Frühling in München: Die Stadt erwacht wieder zum Leben

© Anna Rupprecht

In Print-Zeitschriften gehört es dazu, dass der Herausgeber auf der ersten Seite die Stimmung, Meinung oder Richtung der jeweiligen Ausgabe einfängt. Warum gibt es das auch nicht online?, haben wir uns gefragt. Denn genauso schwirren jede Woche Gefühle, Stimmungen und Meinungen durch München, die wir zwar mitbekommen, aber nirgends festhalten. Diese Kolumne ist der Platz, an dem ich all meine Gedanken zu München und dem, was mir diese Woche in der Stadt begegnet ist, sammle. Heute: Eine Momentaufnahme aus meiner liebsten Jahreszeit.

Am Anfang ist der Frühling immer sehr ungewohnt.

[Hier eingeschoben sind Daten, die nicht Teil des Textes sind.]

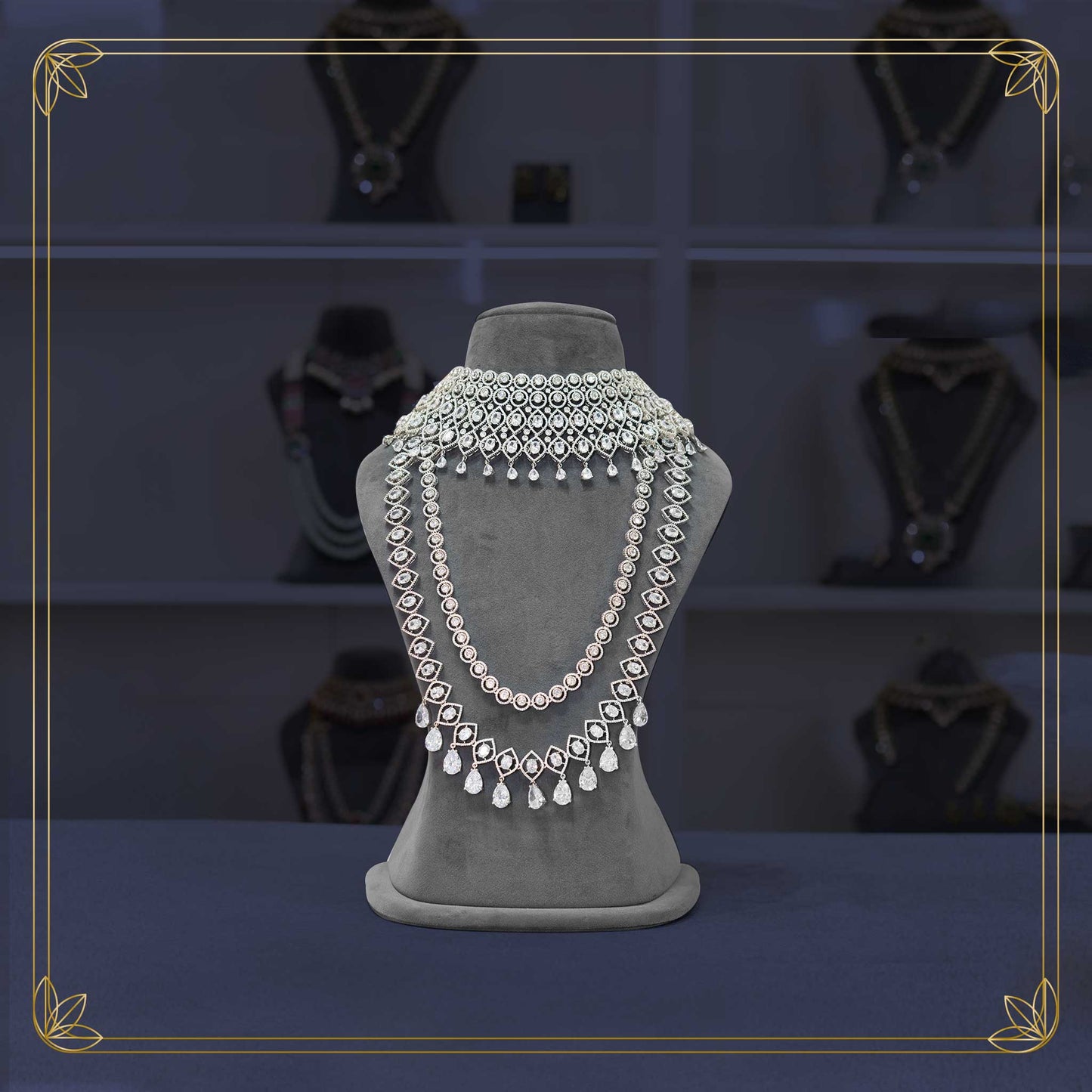 American Diamond Silver Finish Bridal Jewellery Set - Rental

Zum ersten Mal keinen Schal tragen, dann keine Jacke mehr mitnehmen und irgendwann geht man sogar nur im T-Shirt vor die Türe. Die Arme noch ganz blass, im kühlen Schatten bekommt man Gänsehaut. Zum ersten Mal an der Isar im noch kalten Gras sitzen und ein Radler trinken. Es ist fast so, als würde man dem Ganzen noch nicht trauen, weil es so lange weg war. Kein Wunder, denn wenn man es genau nimmt, geht unser Winter immer gute sieben Monate. Die Hälfte vom Jahr machen wir also nichts anderes als uns Wärme zu wünschen, uns nach Draußen zu sehnen, dem letzten Sommer hinterher zu trauern und uns auf den neuen zu freuen.

Leben ist nicht jeden Abend in der dunklen Wohnung zu hocken und zu überlegen, was man machen könnte, sondern so viele Dinge machen zu können und trotzdem einfach in der Sonne sitzen zu bleiben.

Nun ist er endlich gekommen und ich war fast überfordert von den plötzlich gefühlt 20 Grad und den vielen Möglichkeiten, die sich damit wieder auftaten und die ich längst nicht mehr auf dem Schirm hatte: Draußen frühstücken, draußen Aperitif trinken, an der Isar sitzen, Radler trinken, in den Biergarten gehen, aufs Wasser vom Starnberger See gucken.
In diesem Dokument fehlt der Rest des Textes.